Brief –
Copy the lines below verbatim, but only from the line containing "Vendo televisão seminova" through the end of the data.

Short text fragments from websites
--- START ---

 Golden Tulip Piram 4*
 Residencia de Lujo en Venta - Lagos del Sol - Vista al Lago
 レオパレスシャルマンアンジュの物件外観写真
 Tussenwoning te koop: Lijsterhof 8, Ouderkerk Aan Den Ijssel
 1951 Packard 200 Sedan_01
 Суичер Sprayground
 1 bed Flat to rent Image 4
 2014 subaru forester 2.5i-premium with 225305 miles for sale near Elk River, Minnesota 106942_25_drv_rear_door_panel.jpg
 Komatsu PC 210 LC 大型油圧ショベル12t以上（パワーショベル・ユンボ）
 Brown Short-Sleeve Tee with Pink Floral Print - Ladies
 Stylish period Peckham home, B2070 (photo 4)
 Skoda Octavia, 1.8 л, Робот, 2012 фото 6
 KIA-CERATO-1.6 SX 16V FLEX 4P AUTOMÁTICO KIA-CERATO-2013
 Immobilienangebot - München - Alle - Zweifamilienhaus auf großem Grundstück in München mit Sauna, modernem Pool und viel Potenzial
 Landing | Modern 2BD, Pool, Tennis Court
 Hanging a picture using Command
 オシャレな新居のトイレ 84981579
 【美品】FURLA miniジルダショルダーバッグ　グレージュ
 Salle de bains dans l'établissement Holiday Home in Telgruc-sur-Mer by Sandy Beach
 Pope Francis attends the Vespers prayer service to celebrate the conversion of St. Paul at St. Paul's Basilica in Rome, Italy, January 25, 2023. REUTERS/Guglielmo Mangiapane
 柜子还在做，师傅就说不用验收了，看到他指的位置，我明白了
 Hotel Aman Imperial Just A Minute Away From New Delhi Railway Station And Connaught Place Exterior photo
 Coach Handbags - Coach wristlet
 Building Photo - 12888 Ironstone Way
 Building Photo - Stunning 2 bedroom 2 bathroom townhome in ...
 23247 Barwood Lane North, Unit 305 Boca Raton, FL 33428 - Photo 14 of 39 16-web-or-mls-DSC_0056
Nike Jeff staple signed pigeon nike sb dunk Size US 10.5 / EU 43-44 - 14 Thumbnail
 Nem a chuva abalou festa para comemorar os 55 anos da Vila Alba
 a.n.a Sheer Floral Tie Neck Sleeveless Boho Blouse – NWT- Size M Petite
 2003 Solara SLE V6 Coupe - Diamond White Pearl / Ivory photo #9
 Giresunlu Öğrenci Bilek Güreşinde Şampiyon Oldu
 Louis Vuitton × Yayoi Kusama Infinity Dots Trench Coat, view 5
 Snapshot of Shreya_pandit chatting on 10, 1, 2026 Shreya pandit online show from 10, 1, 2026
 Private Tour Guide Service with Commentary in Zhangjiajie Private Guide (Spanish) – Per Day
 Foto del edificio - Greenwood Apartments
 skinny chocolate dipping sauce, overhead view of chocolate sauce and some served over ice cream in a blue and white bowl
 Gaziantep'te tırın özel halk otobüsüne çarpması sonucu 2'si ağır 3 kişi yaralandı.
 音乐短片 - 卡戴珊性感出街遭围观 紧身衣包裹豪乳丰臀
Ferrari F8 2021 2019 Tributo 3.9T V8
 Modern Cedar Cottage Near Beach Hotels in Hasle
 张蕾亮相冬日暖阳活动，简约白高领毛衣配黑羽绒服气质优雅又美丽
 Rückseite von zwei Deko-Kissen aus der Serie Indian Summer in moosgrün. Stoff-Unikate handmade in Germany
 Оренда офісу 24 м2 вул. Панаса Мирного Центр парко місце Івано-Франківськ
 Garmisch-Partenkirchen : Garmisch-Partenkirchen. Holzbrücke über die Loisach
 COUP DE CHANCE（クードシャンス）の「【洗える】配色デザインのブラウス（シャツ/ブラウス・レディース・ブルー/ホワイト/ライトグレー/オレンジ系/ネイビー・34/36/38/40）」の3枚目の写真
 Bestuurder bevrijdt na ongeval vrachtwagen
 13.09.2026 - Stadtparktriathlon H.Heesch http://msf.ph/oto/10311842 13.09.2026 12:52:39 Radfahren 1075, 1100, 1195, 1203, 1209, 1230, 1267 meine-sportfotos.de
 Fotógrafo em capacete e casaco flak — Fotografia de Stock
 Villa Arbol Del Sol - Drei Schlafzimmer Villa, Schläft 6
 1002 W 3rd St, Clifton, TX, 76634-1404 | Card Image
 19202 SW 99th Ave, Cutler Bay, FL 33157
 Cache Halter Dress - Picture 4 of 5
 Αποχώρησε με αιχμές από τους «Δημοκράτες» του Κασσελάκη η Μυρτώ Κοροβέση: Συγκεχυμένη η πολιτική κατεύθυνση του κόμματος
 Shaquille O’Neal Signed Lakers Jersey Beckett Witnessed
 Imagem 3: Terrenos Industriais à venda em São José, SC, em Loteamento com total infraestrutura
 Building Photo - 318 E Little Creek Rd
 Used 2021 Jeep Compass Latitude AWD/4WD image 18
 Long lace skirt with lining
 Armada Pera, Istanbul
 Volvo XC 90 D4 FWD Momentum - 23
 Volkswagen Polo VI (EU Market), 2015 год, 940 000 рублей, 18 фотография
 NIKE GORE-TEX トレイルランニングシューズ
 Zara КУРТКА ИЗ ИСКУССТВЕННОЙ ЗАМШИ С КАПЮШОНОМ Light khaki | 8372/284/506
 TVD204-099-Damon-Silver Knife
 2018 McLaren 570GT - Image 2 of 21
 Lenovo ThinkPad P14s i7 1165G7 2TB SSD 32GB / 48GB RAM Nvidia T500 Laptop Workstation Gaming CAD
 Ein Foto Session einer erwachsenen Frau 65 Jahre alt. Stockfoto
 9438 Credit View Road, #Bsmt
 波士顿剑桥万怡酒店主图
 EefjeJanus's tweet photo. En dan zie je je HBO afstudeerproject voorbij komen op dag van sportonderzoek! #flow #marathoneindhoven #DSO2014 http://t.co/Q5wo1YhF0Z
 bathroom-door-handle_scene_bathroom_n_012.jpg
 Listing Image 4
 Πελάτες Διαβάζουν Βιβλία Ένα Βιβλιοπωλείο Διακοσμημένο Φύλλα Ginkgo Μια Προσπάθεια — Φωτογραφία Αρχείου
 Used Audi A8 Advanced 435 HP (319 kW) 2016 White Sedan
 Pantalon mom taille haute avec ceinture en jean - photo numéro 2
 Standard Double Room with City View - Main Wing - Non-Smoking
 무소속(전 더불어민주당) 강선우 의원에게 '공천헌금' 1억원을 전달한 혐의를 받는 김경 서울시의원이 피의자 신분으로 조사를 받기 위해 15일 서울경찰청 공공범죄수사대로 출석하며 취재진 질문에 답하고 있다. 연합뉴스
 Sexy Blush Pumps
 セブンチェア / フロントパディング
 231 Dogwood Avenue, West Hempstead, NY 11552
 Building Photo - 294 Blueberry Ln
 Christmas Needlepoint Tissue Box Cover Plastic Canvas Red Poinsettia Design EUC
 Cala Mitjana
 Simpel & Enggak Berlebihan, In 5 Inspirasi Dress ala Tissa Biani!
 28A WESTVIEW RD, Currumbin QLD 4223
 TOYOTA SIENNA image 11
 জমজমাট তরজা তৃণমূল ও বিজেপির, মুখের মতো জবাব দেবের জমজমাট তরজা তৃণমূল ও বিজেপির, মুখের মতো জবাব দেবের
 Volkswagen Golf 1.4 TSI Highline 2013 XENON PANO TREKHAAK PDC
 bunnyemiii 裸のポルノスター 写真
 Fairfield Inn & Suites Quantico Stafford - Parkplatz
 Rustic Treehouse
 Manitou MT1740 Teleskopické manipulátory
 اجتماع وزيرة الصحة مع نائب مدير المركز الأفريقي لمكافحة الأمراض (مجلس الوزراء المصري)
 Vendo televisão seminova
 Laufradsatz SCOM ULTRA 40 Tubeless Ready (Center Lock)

--- END ---

Task output –
 Vendo televisão seminova
 Laufradsatz SCOM ULTRA 40 Tubeless Ready (Center Lock)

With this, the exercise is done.